BEGIN Task data

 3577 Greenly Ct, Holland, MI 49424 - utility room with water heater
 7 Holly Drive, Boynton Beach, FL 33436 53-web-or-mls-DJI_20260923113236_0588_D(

END Task data
BEGIN Task data

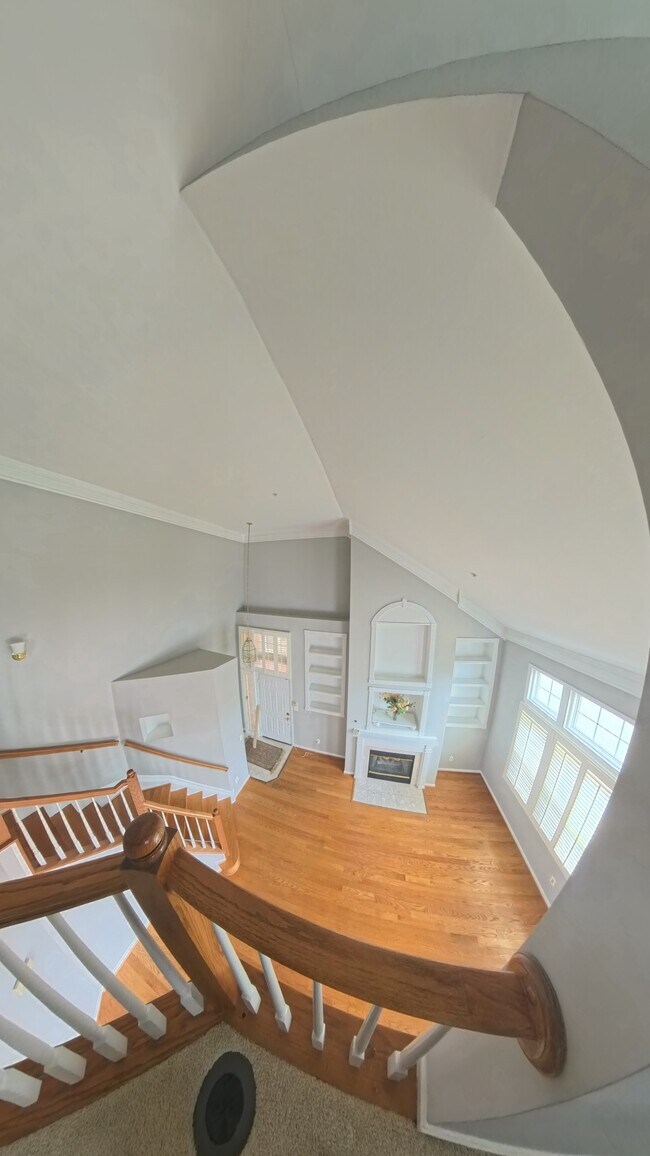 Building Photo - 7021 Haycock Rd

END Task data

* **Exercise directions**
Word for word, restate the lines of the listing above starting at the line with "3577 Greenly Ct, Holland, MI" and ending at the line with "7 Holly Drive, Boynton", and nothing outside them.

* **Task response**
 3577 Greenly Ct, Holland, MI 49424 - utility room with water heater
 7 Holly Drive, Boynton Beach, FL 33436 53-web-or-mls-DJI_20260923113236_0588_D(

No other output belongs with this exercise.